(About this exercise): Wherever pictures appear in the listing below, leave them out, and copy exactly, and only, everything from the line with "a bedroom with a bed and lamp" down to the line with "A demolished space".

(Data supplied):

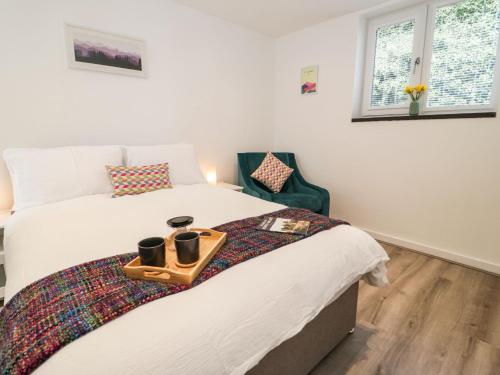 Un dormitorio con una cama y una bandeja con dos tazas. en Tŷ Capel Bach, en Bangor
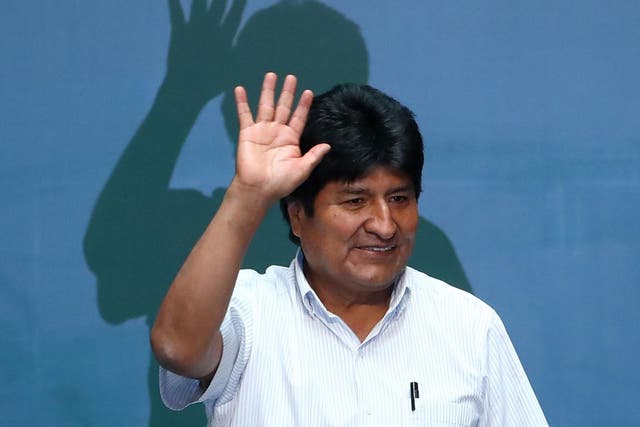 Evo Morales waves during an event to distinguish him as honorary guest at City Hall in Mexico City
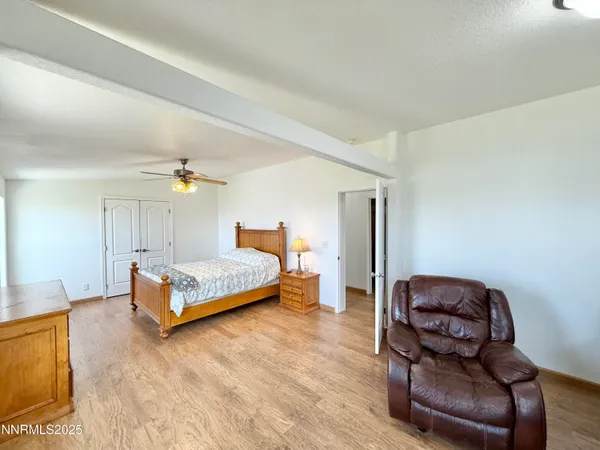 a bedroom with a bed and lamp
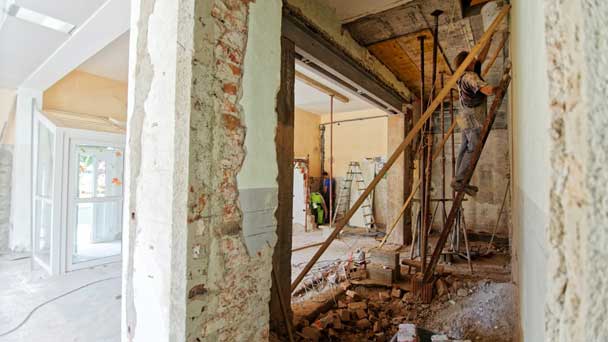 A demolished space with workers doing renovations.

==

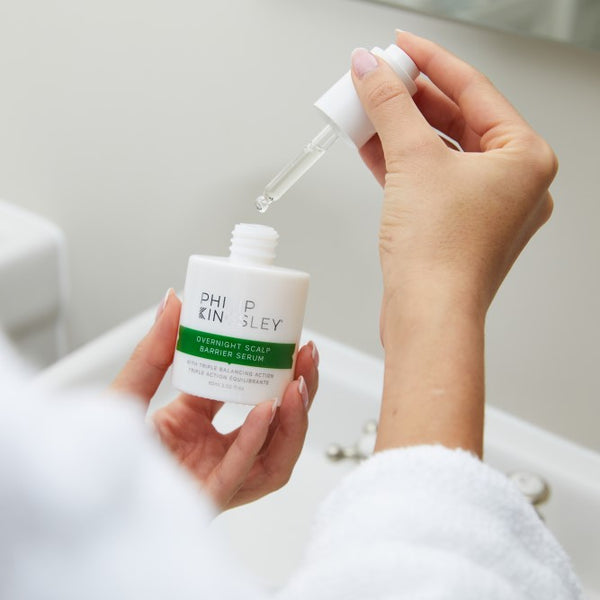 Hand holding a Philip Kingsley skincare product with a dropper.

(Exercise output):
 a bedroom with a bed and lamp
 A demolished space with workers doing renovations.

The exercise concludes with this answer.